Bradley received his first book project while living in Chicago, courtesy of his friend, W. W. Denslow, a professional artist who is now best known for illustrating L. Frank Baum’s Wonderful Wizard of Oz (1900). Denslow had been commissioned to illustrate Dollars and Sense, a self-help guide by the American showman P. T. Barnum. Denslow had already completed sixty-two of the book’s illustrations, but was about to leave Chicago for the West, so he arranged for Bradley to finish the project with eight illustrations of his own. Although only Denslow received credit on the book’s title page, all of Bradley’s illustrations were printed with his signature attached.
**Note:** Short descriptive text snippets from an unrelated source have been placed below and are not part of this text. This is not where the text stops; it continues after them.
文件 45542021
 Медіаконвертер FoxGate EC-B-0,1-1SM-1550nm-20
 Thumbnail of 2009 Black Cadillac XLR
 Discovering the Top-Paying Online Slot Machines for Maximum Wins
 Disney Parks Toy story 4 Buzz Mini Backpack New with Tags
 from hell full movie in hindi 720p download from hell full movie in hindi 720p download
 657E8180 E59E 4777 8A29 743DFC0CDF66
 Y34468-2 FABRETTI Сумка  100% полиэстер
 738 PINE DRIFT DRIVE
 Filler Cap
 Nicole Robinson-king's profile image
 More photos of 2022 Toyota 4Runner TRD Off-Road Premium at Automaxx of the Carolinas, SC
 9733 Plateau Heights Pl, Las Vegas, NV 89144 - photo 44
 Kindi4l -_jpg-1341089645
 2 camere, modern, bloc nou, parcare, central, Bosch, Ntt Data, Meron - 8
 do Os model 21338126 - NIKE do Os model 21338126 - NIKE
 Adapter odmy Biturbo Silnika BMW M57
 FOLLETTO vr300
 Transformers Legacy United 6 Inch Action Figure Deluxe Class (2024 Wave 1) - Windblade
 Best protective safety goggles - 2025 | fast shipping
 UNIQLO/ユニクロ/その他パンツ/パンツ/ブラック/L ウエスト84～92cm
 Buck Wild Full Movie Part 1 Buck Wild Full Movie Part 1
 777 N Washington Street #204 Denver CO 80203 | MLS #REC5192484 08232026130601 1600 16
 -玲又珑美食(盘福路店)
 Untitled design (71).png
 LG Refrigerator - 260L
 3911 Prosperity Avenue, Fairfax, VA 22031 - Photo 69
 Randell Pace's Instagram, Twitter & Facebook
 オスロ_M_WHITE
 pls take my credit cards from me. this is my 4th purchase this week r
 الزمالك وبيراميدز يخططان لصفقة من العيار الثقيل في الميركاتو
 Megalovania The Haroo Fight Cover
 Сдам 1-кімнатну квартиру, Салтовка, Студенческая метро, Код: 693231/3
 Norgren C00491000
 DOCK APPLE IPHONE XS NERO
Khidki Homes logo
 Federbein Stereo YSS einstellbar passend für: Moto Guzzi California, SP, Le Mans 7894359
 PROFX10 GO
In addition to being Bradley’s first published book work, Dollars and Sense also contains Bradley’s first published illustrations of the human figure.
This copy of Dollars and Sense is a sample copy (also known as a dummy copy), a partial mockup of the book that was used by travelling salesmen to give prospective customers an idea of what the finished book would look like. One of Bradley’s eight illustrations was included in the sample copy version of the book. One of Denslow’s illustrations is shown here to demonstrate the difference between his and Bradley’s styles.
Glimpses at the Life and Times of A. V. H. Carpenter was Bradley’s second book commission, as well as the first book that credited Bradley’s work by name on the title page. Bradley produced illustrations and chapter headings for the book, which presents the autobiography of A. V. H. Carpenter, a railroad executive who worked for the Chicago, Milwaukee & St. Paul Railway.